OS EGÍPCIOS CONVIVIAM com uma grande quantidade de serpentes que infestavam as margens do rio Nilo. Não é de se estranhar, portanto, que tivessem convertido algumas delas em deusas, da mesma forma que o fizeram com outros animais que os rodeavam. Uma dessas deusas serpentes era Meretseger, adorada em Tebas e patrona da necrópole tebana e que, acreditava-se, morava no Cume do Ocidente, um majestoso pico do Vale dos Reis. Bastante representada na escultura, no Império Novo (c. 1550 a 1070 a.C.) tornou-se deusa muito cultuada e querida pelos habitantes de Deir el-Medina, vila dos operários que construíram as tumbas reais, que a ela dedicaram várias estelas. Seu culto tornou-se menos popular a partir da XXI dinastia (c. 1070 a 945 a.C.), aproximadamente o período durante o qual a necrópole tebana foi abandonada. Tanto surgia como uma naja ereta, com o pescoço dilatado, quanto como uma enorme serpente com cabeça de mulher. A peça que vemos acima é confeccionada em um pedaço de figueira policromada e mede 37,4 cm de altura por 26,5 cm de profundidade. De data incerta, supõe-se que ela seja do Império Novo e proveniente, provavelmente, de Tebas, estando atualmente no Museu do Louvre.
MERETSEGER ERA CONHECIDA COMO a amada do silêncio e, sendo uma deusa local, a pequena comunidade da região a tomava por confidente e, às vezes, a confundia com deusas nacionais como Ísis, Mut e Hátor. Trata-se de uma divindade que bem demonstra que ao lado das fórmulas oficiais da religião estatal havia o sentimento religioso de uma sociedade humilde e de ardente fé. Acreditava-se que essa deusa punia, através de seu veneno e causando cegueira, àqueles que cometiam crimes. Sua ira descia sobre qualquer um que perturbasse as tumbas do Vale dos Reis, geralmente na forma de animais venenosos enviados contra o transgressor. Ela também protegia o vale contra trabalhadores sem escrúpulos que poderiam tentar roubar os tesouros ali enterrados ou escavar uma entrada secreta.

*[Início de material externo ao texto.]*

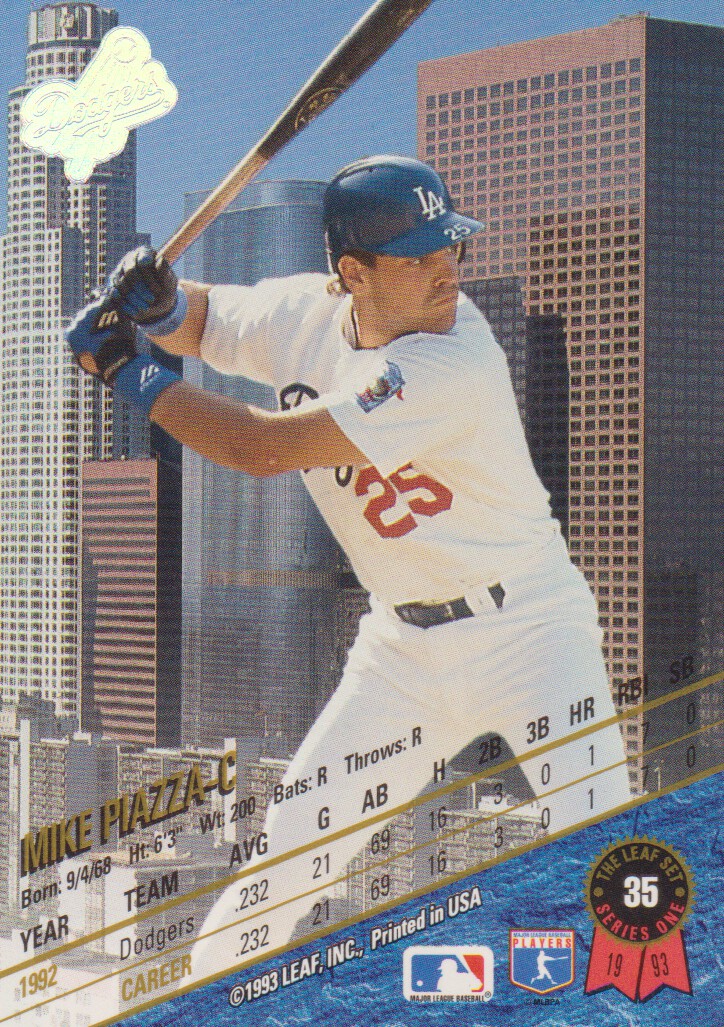 1993 Leaf #35 Mike Piazza back image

AO QUE PARECE, essa divindade tinha certo pendor para a irritação e fazia questão de ser tratada com bastante respeito. Entretanto, a despeito de sua ferocidade, sabia ser misericordiosa. Se o transgressor se arrependesse dos crimes praticados contra as tumbas, ela curaria as feridas que lhe houvesse aplicado. Uma série de estelas votivas em sua honra parecem indicar isso. Em algumas dessas peças estão inscritos pedidos de cura e de perdão pelos pecados cometidos. Um artesão, por exemplo, tendo ofendido a deusa, ficou enfermo. Expressando sua religiosidade, humildemente reconhece a grande misericórdia da deusa e afirma:
Eu era um homem ignorante e sem coração, não sabendo distinguir o bem do mal; na verdade eu pequei contra o Cume, e ele me puniu. Noite e dia eu estive em seu poder. Eu supliquei à brisa, mas ela não veio... Eu implorei a esta soberana, e ela veio a mim com uma brisa agradável; ela se mostrou misericordiosa depois de me ter feito conhecer seu poder; ela me deu seus favores; ela me fez esquecer meu mau e a brisa voltou. Certamente o Cume do Oeste é indulgente para aquele que lhe implora...
OUTRA ESTELA ERGUIDA por um empregado da necrópole chamado Nefer-abu conta como esse insensato cometeu uma transgressão contra o Cume e foi por isso severamente punido. Mas como a deusa às vezes usava de clemência, ele foi finalmente perdoado e então, em advertência aos demais possíveis pecadores, escreveu:
Guardai isto que direi para grandes e pequenos entre os trabalhadores: cuidado com o Cume! Pois há um leão no interior do Cume, e é como um leão selvagem que ele ataca e persegue todo aquele que lhe desobedece.